She traced the outline of her left eyebrow, and put it right.

‘In a distracted condition, which only a mother–moving in Society–can be susceptible of, I determined to go myself to the theatre, and represent my state of mind to the dancer. I made myself known to your sister. I found her, to my surprise, in many respects different from my expectations; and certainly in none more so, than in meeting me with–what shall I say–a sort of family assertion on her own part?’ Mrs Merdle smiled.

‘I told you, ma’am,’ said Fanny, with a heightening colour, ‘that although you found me in that situation, I was so far above the rest, that I considered my family as good as your son’s; and that I had a brother who, knowing the circumstances, would be of the same opinion, and would not consider such a connection any honour.’

‘Miss Dorrit,’ said Mrs Merdle, after frostily looking at her through her glass, ‘precisely what I was on the point of telling your sister, in pursuance of your request. Much obliged to you for recalling it so accurately and anticipating me.
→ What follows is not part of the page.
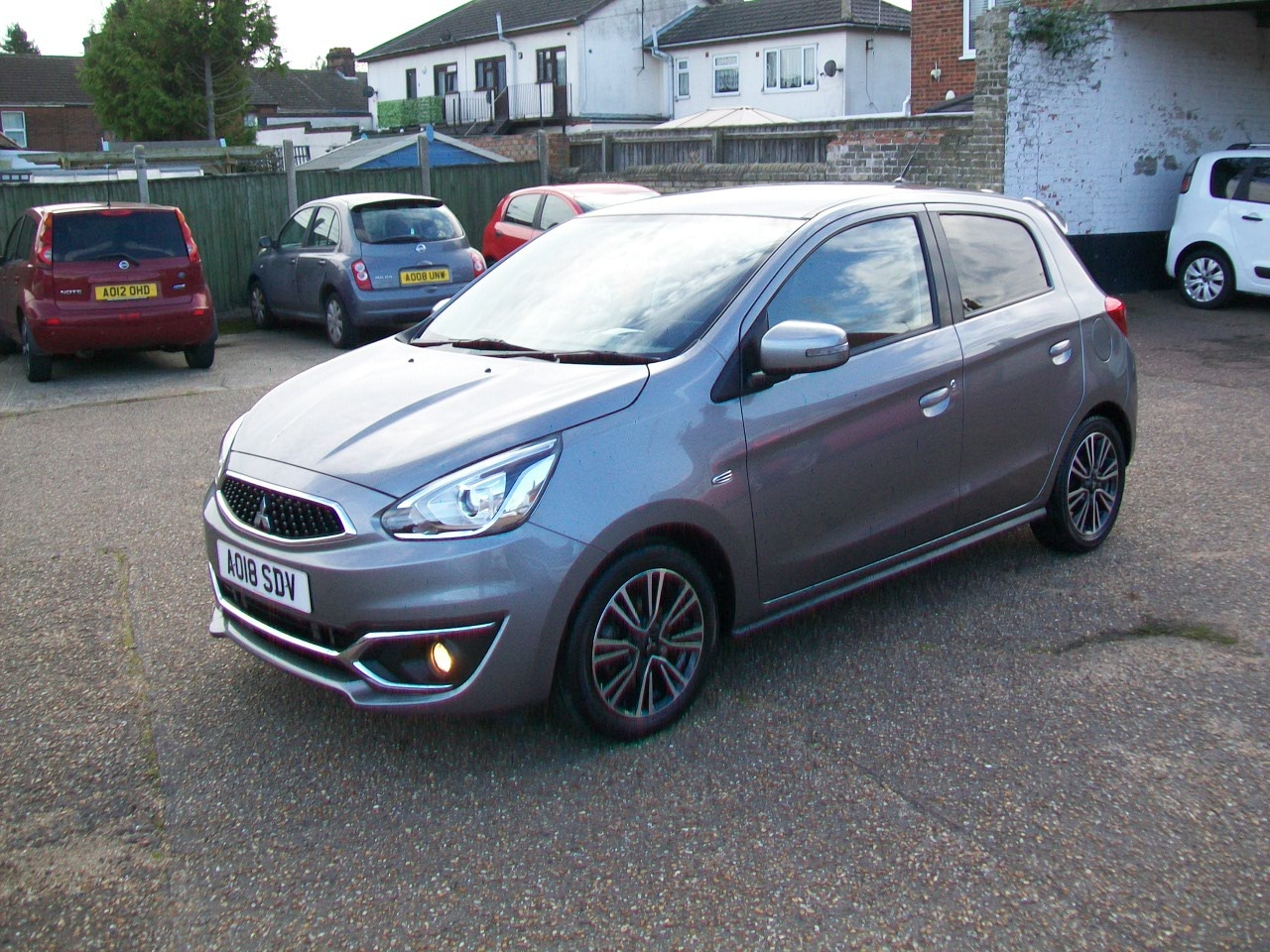 Used Mitsubishi Mirage 2018 for sale - 76392356: Photo 2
I immediately,’ addressing Little Dorrit, ‘(for I am the creature of impulse), took a bracelet from my arm, and begged your sister to let me clasp it on hers, in token of the delight I had in our being able to approach the subject so far on a common footing.’ (This was perfectly true, the lady having bought a cheap and showy article on her way to the interview, with a general eye to bribery.)

‘And I told you, Mrs Merdle,’ said Fanny, ‘that we might be unfortunate, but we are not common.’

‘I think, the very words, Miss Dorrit,’ assented Mrs Merdle.

‘And I told you, Mrs Merdle,’ said Fanny, ‘that if you spoke to me of the superiority of your son’s standing in Society, it was barely possible that you rather deceived yourself in your suppositions about my origin; and that my father’s standing, even in the Society in which he now moved (what that was, was best known to myself), was eminently superior, and was acknowledged by every one.’

‘Quite accurate,’ rejoined Mrs Merdle. ‘A most admirable memory.’

‘Thank you, ma’am. Perhaps you will be so kind as to tell my sister the rest.’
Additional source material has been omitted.